In ihren drei Romanen «Augen zu», «Ohio» und «Wie wir älter werden» ist sie ihren Themen treu geblieben und ist mit ihren Figuren älter geworden. Besonders in «Wie wir älter werden» hat sie den Erzählbogen über mehrere Generationen zu einem kompletten Gesellschaftspanorama gespannt. Verpasstes Glück, ein Pakt des Schweigens, Abschiede und Schicksalsschläge gehören auch hier zu den Zutaten, die gelegentlich die Erzählung überfrachtet haben.

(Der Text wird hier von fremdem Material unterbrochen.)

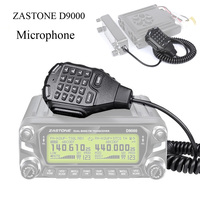 Original PTT Microphone for Zastone D9000 50W 136-174MHz 400-520MHz Ham Radio Transceiver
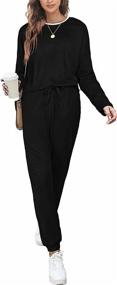 img 3 attached to 👚 DOFAOO 2 Piece Lounge Sets: Stylish SweatSuit for Women's Casual Jogging Suits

Schweikert wollte die politische Welt und die Weltgeschichte in ihre Romane holen, in denen Drogen, Krieg, Unterdrückung immer dazugehörten.

Vorbild und Starthilfe für junge Literaturschaffende

Seit ihrem Debüt mit «Erdnüsse. Totschlagen» gehörte Ruth Schweikert zu den auffälligsten Stimmen der Schweizer Literatur. Der Preis der Schweizerischen Schillerstiftung im Jahr 1999, der Solothurner Literaturpreis (2016) und der Kunstpreis der Stadt Zürich (2016) zeugen davon. Mit ihren Büchern war sie zudem Stammgast an den Solothurner Literaturtagen. Besonders für die junge und jüngste Generation von Schweizer Literaturschaffenden war sie nicht nur Vorbild, sondern als Mentorin unter anderem am Schweizerischen Literaturinstitut in Biel auch wichtige Starthilfe.

Mit zwanzig Jahren wurde Ruth Schweikert 1985 gleich nach der Matura Mutter, sie besuchte später die Schauspielschule, wurde wieder Mutter. Dass einige Geburtsjahre ihrer Söhne mit politischen Grossereignissen (etwa mit dem Fall der Berliner Mauer 1989) zusammenfielen, habe für sie das Private und das Politische noch enger verbunden. Auf die Frage, welche Literatur sie geprägt habe, antwortete sie mal Werner Rohner: «Ingeborg Bachmann zuallererst, Marieluise Fleisser, Silvia Plath, Virginia Woolf hatten das, was man ein tragisches Leben, zumindest auch, nennen könnte.» Politisch hellwach engagierte sie sich vielfältig. Vier Jahre lang war Ruth Schweikert Präsidentin von Suisseculture, der Dachorganisation für professionelle Kulturschaffende in der Schweiz, und kandidierte 2015 auf einer Liste mit Künstlerinnen und Künstlern für den Nationalrat.

Ruth Schweikert ist am Sonntag in Zürich gestorben. Sie hinterlässt ihren Ehemann Eric Bergkraut und fünf Söhne.